Task ▸
Copy word for word the lines of the records below, beginning at the one with "Apvalus LED lubų šviestuvas" and finishing at the one with "毎日おかあちゃん's cooksnap of", ends included, but none of the pictures.

Data extract ▸
####################
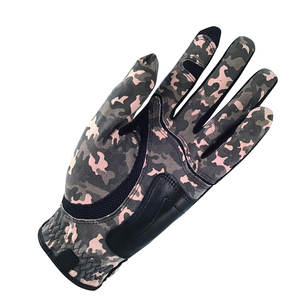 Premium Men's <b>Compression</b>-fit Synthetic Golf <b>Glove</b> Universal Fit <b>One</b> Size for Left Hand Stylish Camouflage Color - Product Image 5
####################
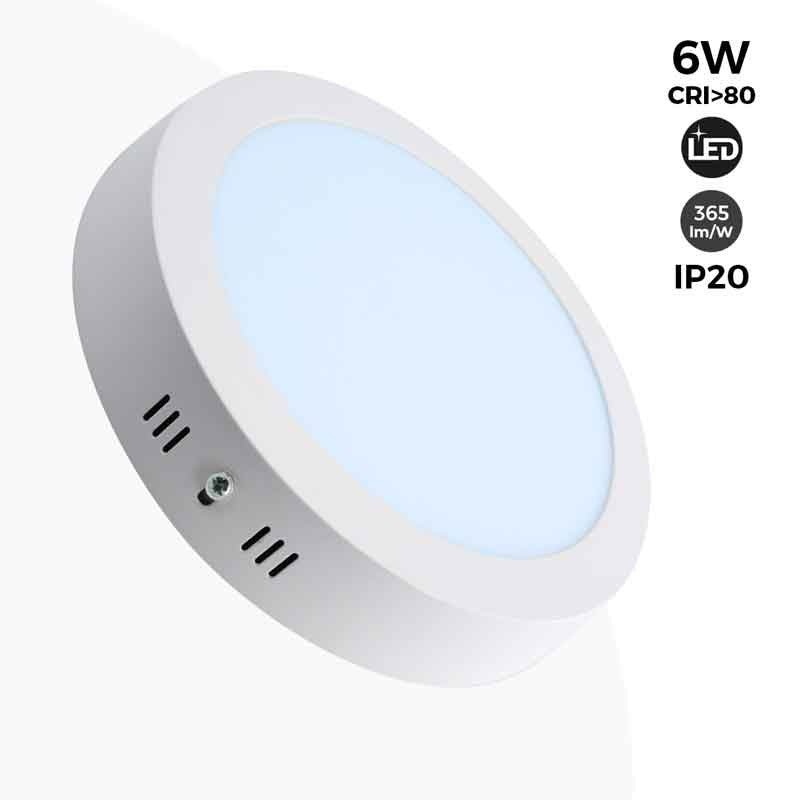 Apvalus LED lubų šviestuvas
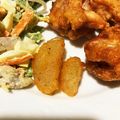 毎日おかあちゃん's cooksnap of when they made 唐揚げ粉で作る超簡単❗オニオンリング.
####################
Task result ▸
 Apvalus LED lubų šviestuvas
 毎日おかあちゃん's cooksnap of when they made 唐揚げ粉で作る超簡単❗オニオンリング.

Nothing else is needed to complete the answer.